EXERCISE GOAL —
Look below for the line containing "this 1270×952 image."; write out that line and each one after it to the end, exactly, and nothing else.

[Text-to-region grounding data]
*** Begin section ***
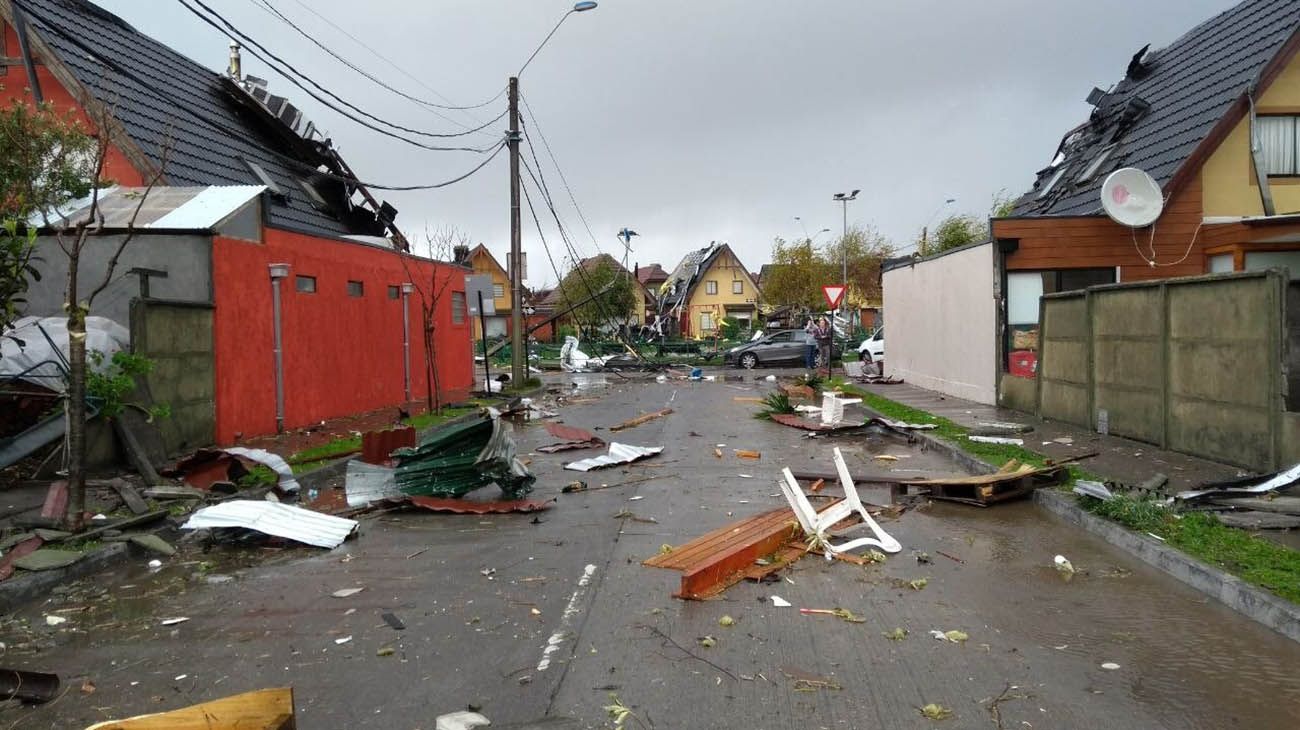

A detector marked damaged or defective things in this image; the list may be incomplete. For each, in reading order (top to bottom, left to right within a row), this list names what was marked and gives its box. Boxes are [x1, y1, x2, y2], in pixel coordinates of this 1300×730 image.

damaged roof [12, 0, 392, 240]
damaged roof [1008, 0, 1296, 216]
broken wood plank [604, 404, 668, 432]
torn roofing material [560, 440, 664, 470]
torn roofing material [180, 500, 356, 544]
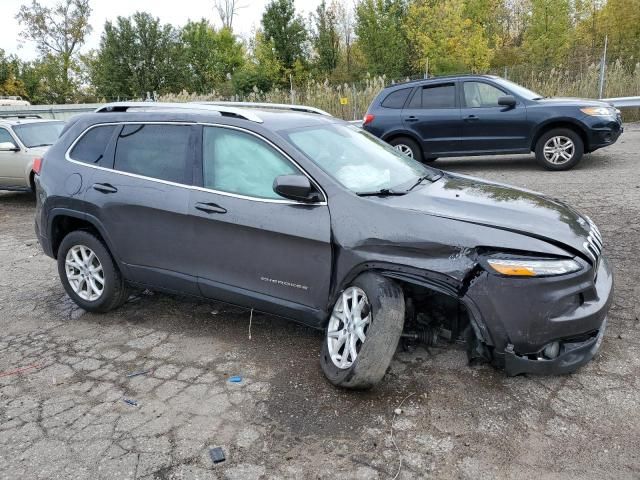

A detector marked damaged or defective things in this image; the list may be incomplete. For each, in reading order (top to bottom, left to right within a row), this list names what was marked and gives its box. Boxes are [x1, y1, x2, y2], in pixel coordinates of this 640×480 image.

cracked pavement [0, 125, 636, 478]
damaged jeep cherokee [32, 102, 612, 390]
broken headlight [488, 256, 584, 276]
crumpled front bumper [504, 318, 604, 376]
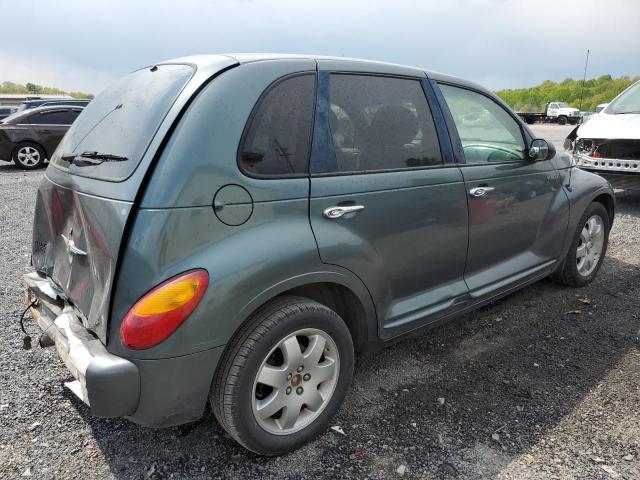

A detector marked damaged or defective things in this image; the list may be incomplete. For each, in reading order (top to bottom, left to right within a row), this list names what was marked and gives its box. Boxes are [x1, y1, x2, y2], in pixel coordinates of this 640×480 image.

white damaged car [564, 80, 640, 178]
damaged rear bumper [24, 272, 139, 418]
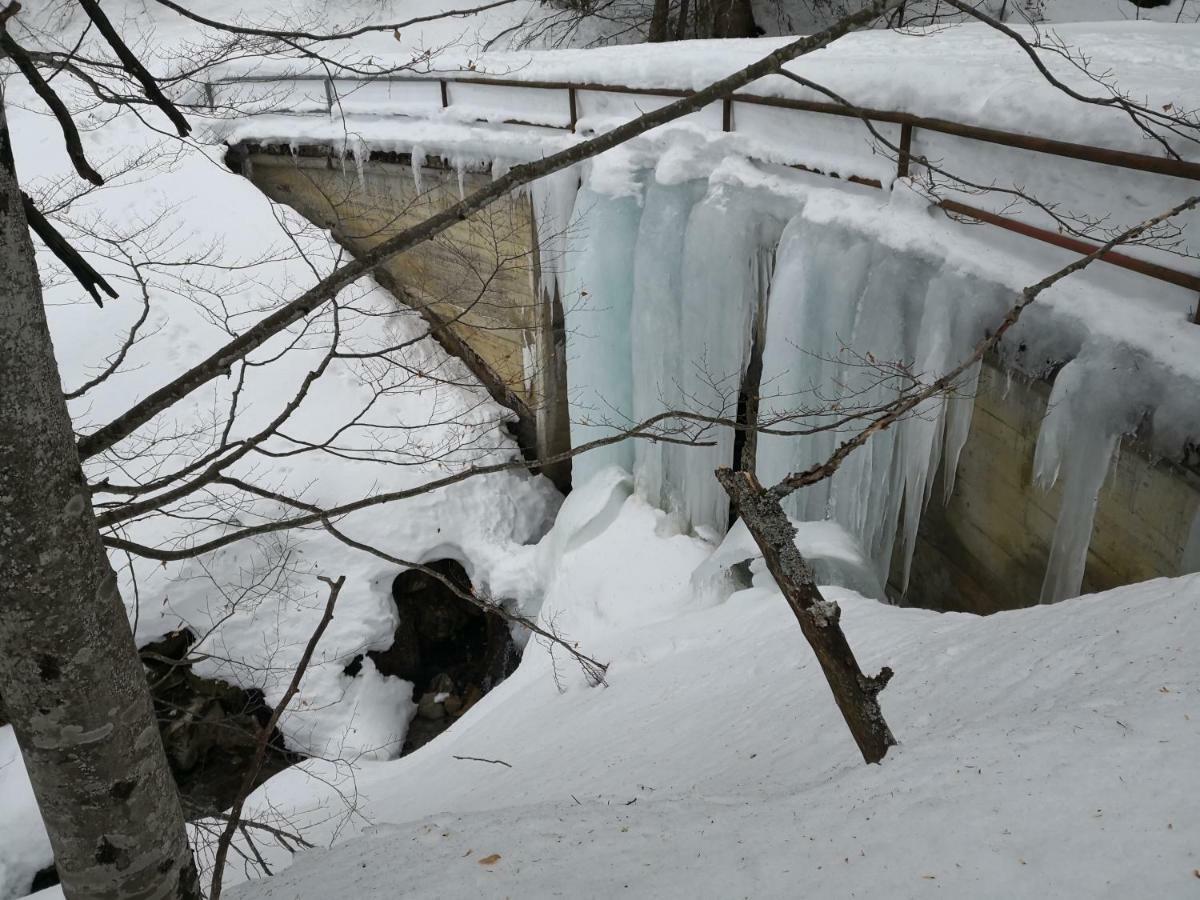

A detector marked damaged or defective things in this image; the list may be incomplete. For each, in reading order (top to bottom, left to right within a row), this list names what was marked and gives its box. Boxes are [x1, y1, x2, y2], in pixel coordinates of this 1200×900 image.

rusty metal railing [211, 73, 1200, 324]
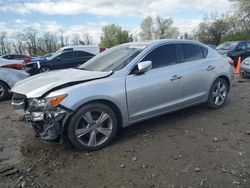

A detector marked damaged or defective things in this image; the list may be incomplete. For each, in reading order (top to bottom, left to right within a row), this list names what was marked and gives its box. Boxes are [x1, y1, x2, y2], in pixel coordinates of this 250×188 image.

crumpled hood [11, 68, 111, 98]
damaged front end [11, 92, 71, 142]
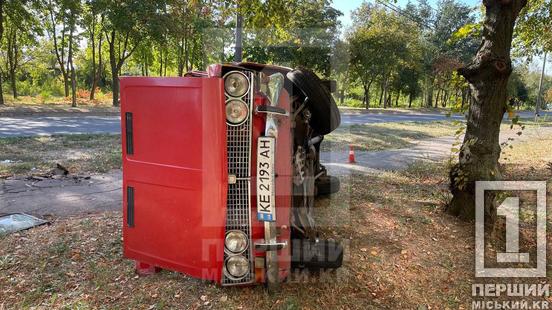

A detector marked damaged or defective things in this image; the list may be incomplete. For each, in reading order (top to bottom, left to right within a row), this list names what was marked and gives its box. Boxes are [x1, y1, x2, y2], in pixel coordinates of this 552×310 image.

overturned red car [120, 61, 342, 286]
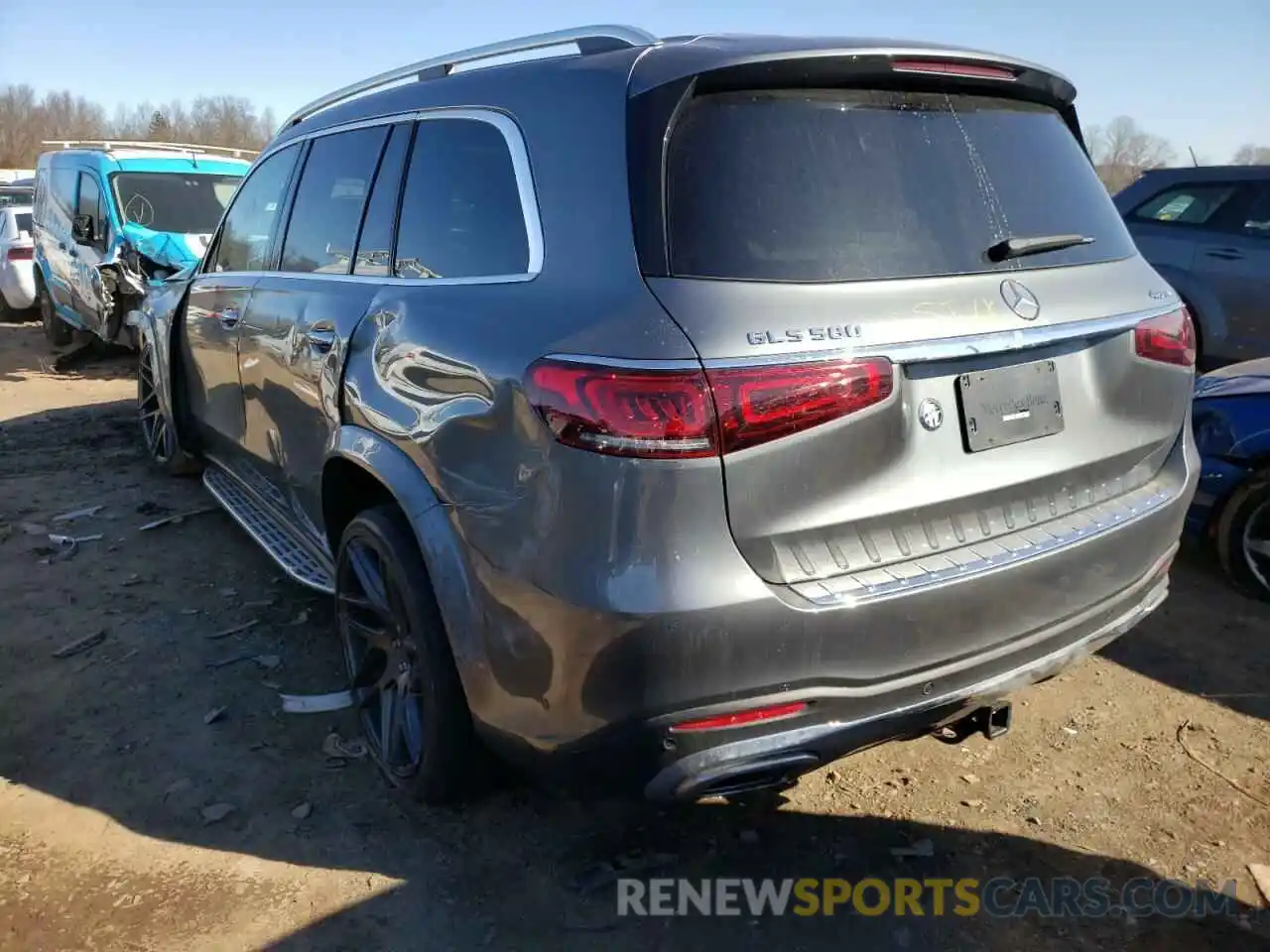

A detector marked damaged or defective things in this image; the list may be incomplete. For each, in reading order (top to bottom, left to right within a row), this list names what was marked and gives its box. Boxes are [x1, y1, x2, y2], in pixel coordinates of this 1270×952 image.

wrecked blue van [33, 140, 253, 347]
damaged vehicle nearby [33, 141, 253, 349]
damaged vehicle nearby [139, 28, 1199, 801]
*** End section ***
SOLUTION TO THIS TASK —
A detector marked damaged or defective things in this image; the list may be incomplete. For each, in reading order (top to bottom, left to right within a row), this list names what was marked and gives its box. Boxes are [x1, y1, x2, y2], in pixel coordinates of this 1270×952 image.

wrecked blue van [33, 140, 253, 347]
damaged vehicle nearby [33, 141, 253, 349]
damaged vehicle nearby [139, 28, 1199, 801]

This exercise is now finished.